Communication-Efficient Actor-Critic Methods for Homogeneous Markov Games
This work addresses communication efficiency and theoretical foundations for cooperative multi-agent reinforcement learning, offering a novel approach for homogeneous agents.
The paper tackles the communication cost and lack of theoretical justification in cooperative multi-agent reinforcement learning by characterizing a subclass of homogeneous Markov games where policy sharing is provably optimal, and develops a consensus-based decentralized actor-critic method with convergence guarantees and practical algorithms that reduce communication while maintaining performance comparable to centralized training.

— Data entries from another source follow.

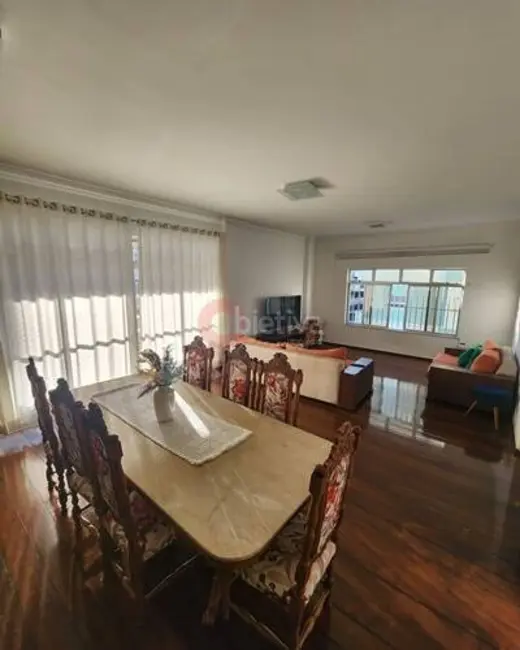 Apartamento com 3 quartos à venda, 210m2 em Vila Nova, Cabo Frio - RJ - imagem 4 Foto 4 de Apartamento com 3 quartos à venda, 210m2 em Vila Nova, Cabo Frio - RJ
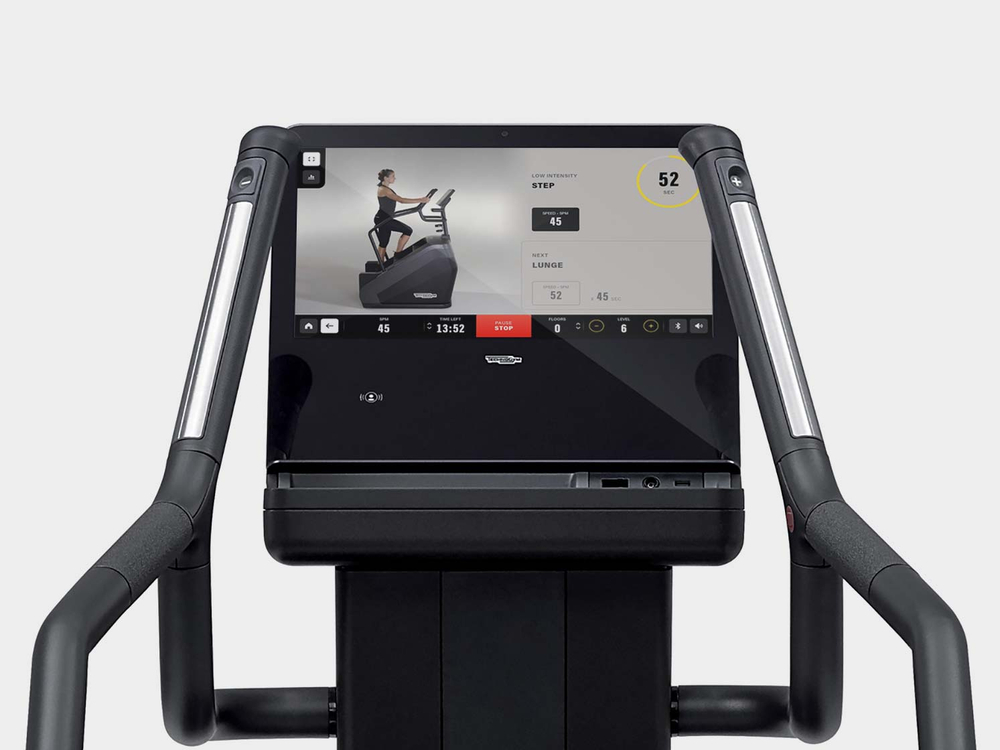 Тренажер-лестница Technogym Climb Artis
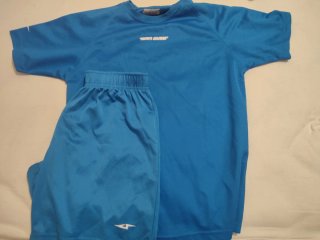 Conjunto deportivo Team Quest azul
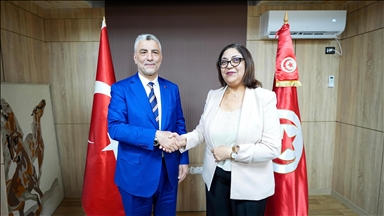 Le ministre turc du Commerce, Omer Bolat, rencontre son homologue tunisienne, Kalthoum Ben Rejeb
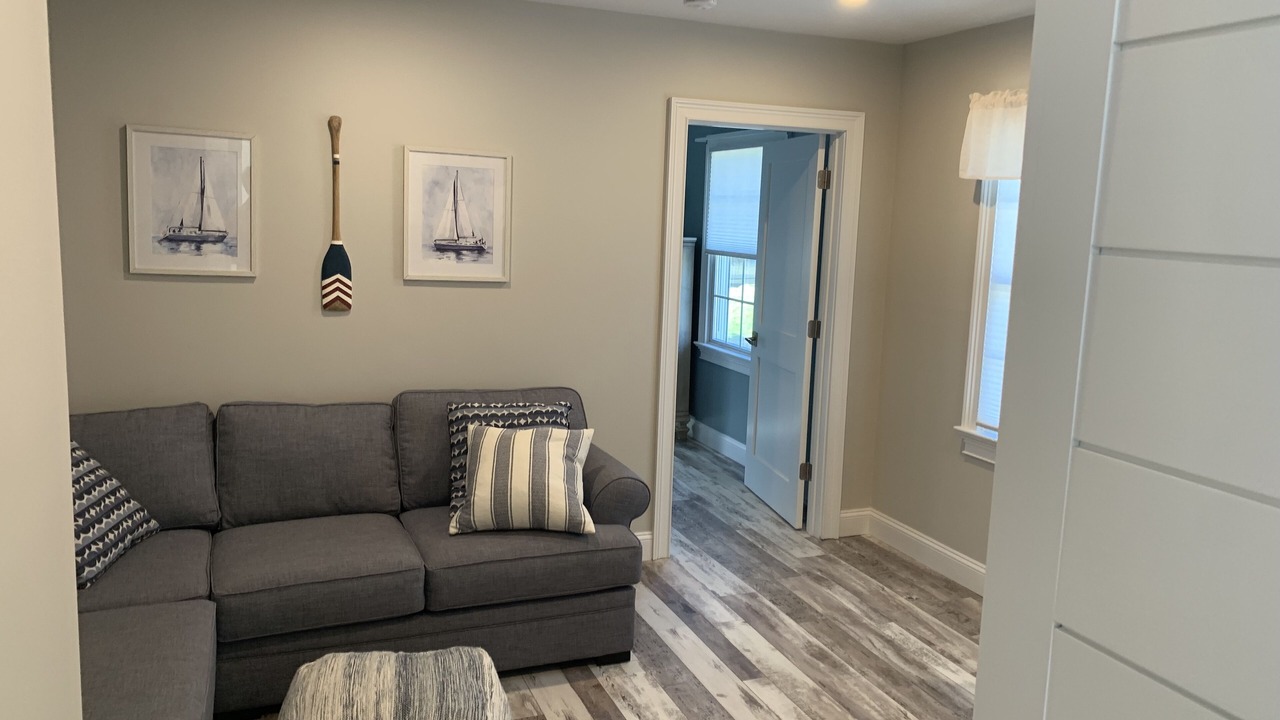Photo of Livingroom in Southold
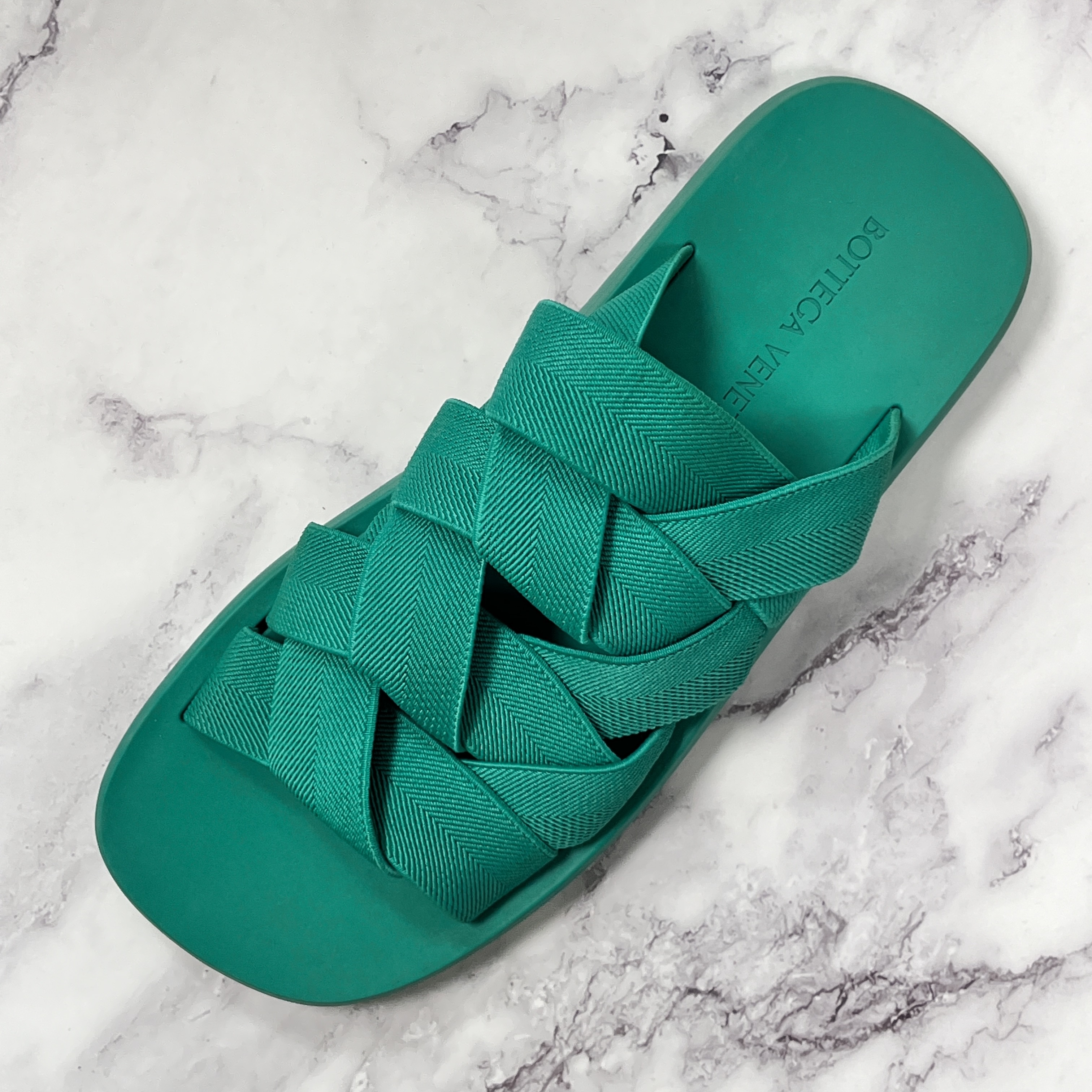 Bottega Veneta Plat Mule Acid Turquoise 착용 스타일 - 2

Recent success in cooperative multi-agent reinforcement learning (MARL) relies on centralized training and policy sharing. Centralized training eliminates the issue of non-stationarity MARL yet induces large communication costs, and policy sharing is empirically crucial to efficient learning in certain tasks yet lacks theoretical justification. In this paper, we formally characterize a subclass of cooperative Markov games where agents exhibit a certain form of homogeneity such that policy sharing provably incurs no suboptimality. This enables us to develop the first consensus-based decentralized actor-critic method where the consensus update is applied to both the actors and the critics while ensuring convergence. We also develop practical algorithms based on our decentralized actor-critic method to reduce the communication cost during training, while still yielding policies comparable with centralized training.